Bristlenoses are probably the best canditate, but they don't stay small. In general, the smaller pleco's are usually carnivores. 

But I don't believe pleco's belong in a heavily planted tank for a number of reasons:
1) They require a sand substrate to rest on, they won't be able to do that with plants everywhere (Plecos on glass are stressed believe it or not)
2) Most are nocturnal and are only active when they are in a species tank (during the day).
3) They are clumsy and don't make good planted tankmates.

Thing you may want to consider.


----------



## jeff63851 (Feb 23, 2005)

Whatever type of pleco you choose, don't choose the common pleco. They don't really eat the algae...they kind of like the "processed" foods such as flakes, pellets...those stuff. They are also extremely clumsy. By clumsy I mean that they move the driftwood around, uproot plants... 

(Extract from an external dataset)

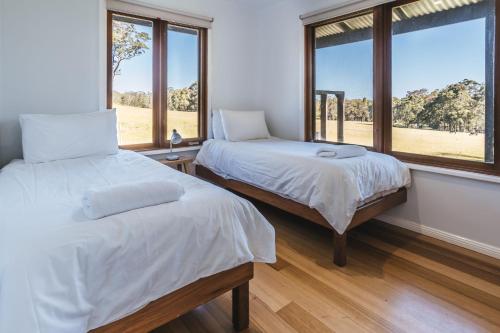 a bedroom with two beds and two windows at Worrowing Jervis Bay in Huskisson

Well, it could just be my pleco...


----------



## JanS (Apr 14, 2004)

jeff63851 said:


> They are also extremely clumsy. By clumsy I mean that they move the driftwood around, uproot plants...
> Well, it could just be my pleco...


No, it isn't just yours. My common Plec was about as bad as an Oscar when it came to rearranging the tank to his liking. He was a very efficient algae eater though.

As for Bristlenoses, it depends on what type you get as to how big they are. The temmincki is the biggest, and about 7" is their max size, which is still only about half the size of the common Plec. The females also stay much smaller than the males.

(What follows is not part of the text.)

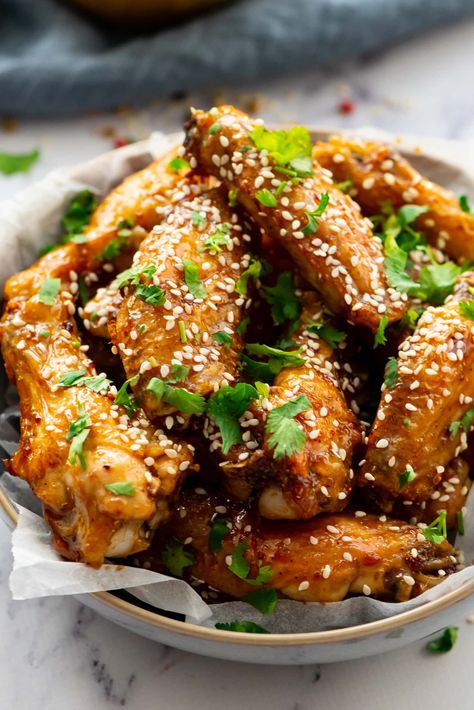 Honey Glazed Chicken Wings sprinkled with sesame seeds and fresh cilantro Honey Glazed Chicken Wings, Honey Wings Recipe, Honey Chicken Wings Recipe, Chinese Honey Chicken, Honey Baked Chicken, Honey Chicken Wings, Glazed Chicken Wings, Braised Chicken Breast, Chicken Wing Recipes Baked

Some other smaller efficient algae eating Plec's are the Rubbernose and _some_ of the Peckolita's (usually referred to as Clown Pleco's). My little common Peckolita's are some of the best algae eaters in the house and they usually only reach a length of around 3".


----------



## Round Head (Feb 28, 2006)

Thanks guys.
So is it safe to say that an alternative to plecos would otos and siamese algae eaters?


----------



## jrvs23 (Apr 14, 2006)

One of the most attractive plecos I have seen is a golden nugget pleco. It is black w/ gold /yellow spots. Very nice looking and I don't believe it gets huge like the common pleco. Contrary to some people I like a pleco in my tank. I know they don't really eat algae, but I just like the prehistoric look of them. I have a shovelnose in my tank right now and it seems to have topped out at 4". The golden nugget pleco can be found on the www.sunrisetropicals.com page


----------



## trenac (Jul 16, 2004)

I have found that the Clown pleco is fairly active and stays small. Mine comes out during lights on and eats algae or when I feed him. On the other hand my Bristlenose stays hidden all the time and and is bigger then the clown. In my tanks the I usually keep a combo of Otto's, SAE's and a pleco.


----------



## raven_wilde (Nov 16, 2005)

If you do decide on getting a Clown Pleco, which definitely fits the bill for size requirements, and algae eating- some of them anyway, this trait seems to vary on a fish to fish basis, I know in previous threads APC members have compared their Clown Plecos and it seems that every fish is different- mine for instance, seldom seems to consume any algae. But the most important thing to keep in mind is that if you are going to keep these fish you need to have some driftwood in your tank, as believe it or not it is actually part of their diet, and you can actually observe them rasping away at it. Most species of pleco actually will benefit from having some driftwood present in the tank to rasp on so it is important to provide this. If for some reason you can't, you can purchase Pleco wafers from Sera that contain some amount of willow bark in them, specifically to meet this need.


----------



## infrared (May 1, 2005)

*Plecos for planted tanks*

I've had really good luck with my albino ancistrus bushy/bristlenose plecostomus in my 100g planted tank. They help keep leaves and everything really clean overall. I agree that they do get large - the parents of the five or so in my 100g live in my 180g with a bunch of geophagus and they're quite large. Their parents have spawned in the 180 about four times now and they continue to do so. I guess i have a sustainalbe and ample supply of small plecos for all my planted tanks!

..Peter


----------



## Dr.Zoidberg (Mar 31, 2006)

I'm have some otos in my 75 gal and a whiptail catfish. I hardly see the whiptail but it's a cool addition .


----------